Overview
In this first part, we look at large language models as tools that support software engineering work. The focus is on everyday engineering tasks: understanding a problem, clarifying a specification, designing a solution, implementing and debugging code, and verifying the result.
This perspective matters because AI assistance changes how software is produced, but it does not remove the need for engineering judgment. If anything, it increases the need for clear specifications, testing, and careful review — and the need for a broader understanding of the codebase.
The workflow used throughout this part is summarized in Figure 1.
A sensible software engineering workflow that emphasizes forming an understanding of the problem and the product will remain important regardless of the location of the AI assistant. At the moment, AI assistants are used e.g. through a chat window, an editor, or an CLI. The tool may change, but the engineering responsibilities do not.

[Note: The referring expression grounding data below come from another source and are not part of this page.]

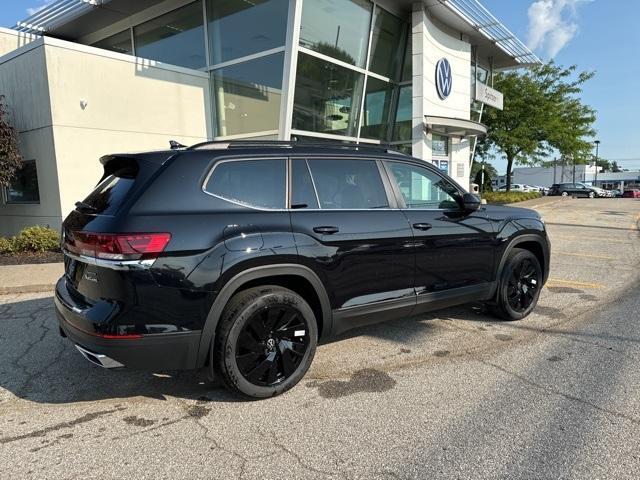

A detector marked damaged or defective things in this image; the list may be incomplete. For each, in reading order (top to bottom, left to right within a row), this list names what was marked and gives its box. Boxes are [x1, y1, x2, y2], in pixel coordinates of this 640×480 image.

crack in pavement [0, 406, 124, 444]
crack in pavement [480, 360, 640, 428]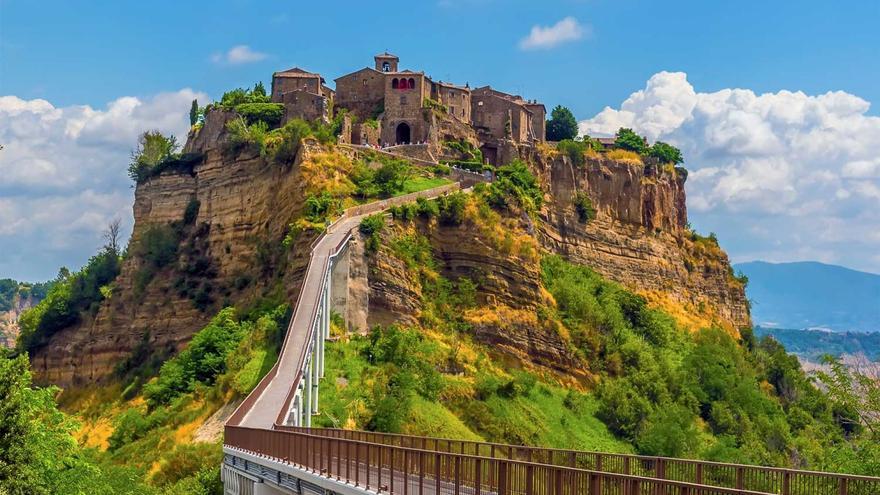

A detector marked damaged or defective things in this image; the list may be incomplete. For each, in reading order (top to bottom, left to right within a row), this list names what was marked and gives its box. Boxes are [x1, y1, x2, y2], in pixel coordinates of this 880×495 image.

rusty metal railing [227, 426, 776, 495]
rusty metal railing [276, 426, 880, 495]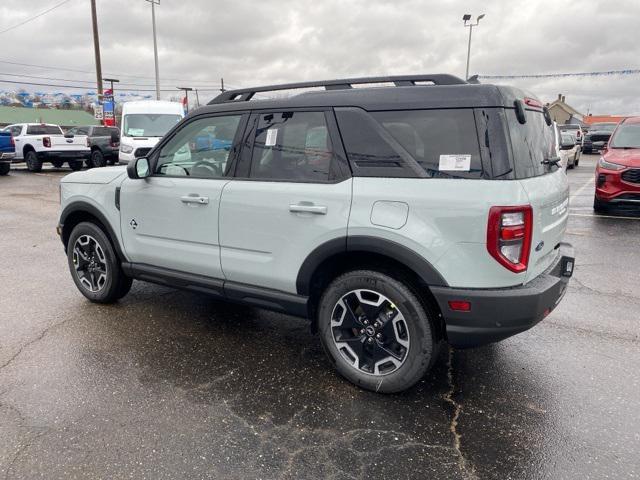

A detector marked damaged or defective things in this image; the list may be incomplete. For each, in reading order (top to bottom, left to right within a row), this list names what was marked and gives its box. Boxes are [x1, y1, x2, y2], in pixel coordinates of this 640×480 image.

crack in asphalt [442, 346, 478, 480]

The structure of this part is as follows:
- AI Coding Tools and Contemporary Software Engineering introduces the main categories of AI coding tools and how they fit into professional work.
- Requirements, Tasks, and Specifications shows how vague tasks become actionable engineering work.

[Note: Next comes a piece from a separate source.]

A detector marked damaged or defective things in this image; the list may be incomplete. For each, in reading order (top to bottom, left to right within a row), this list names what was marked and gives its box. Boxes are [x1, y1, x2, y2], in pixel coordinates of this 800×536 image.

- Designing Solutions with AI Assistance focuses on decomposition, alternatives, and trade-offs.
- Implementing, Debugging, and Refactoring with AI covers the practical use of AI support while writing and fixing code.
- Testing, Review, and Documentation with AI emphasizes verification and communication.
- Tutorial: Feature Development with AI brings the whole workflow together in a small CLI example.
Finally, Recap and Feedback summarizes the main lessons of the part and prepares you for the programming foundation in Part 2.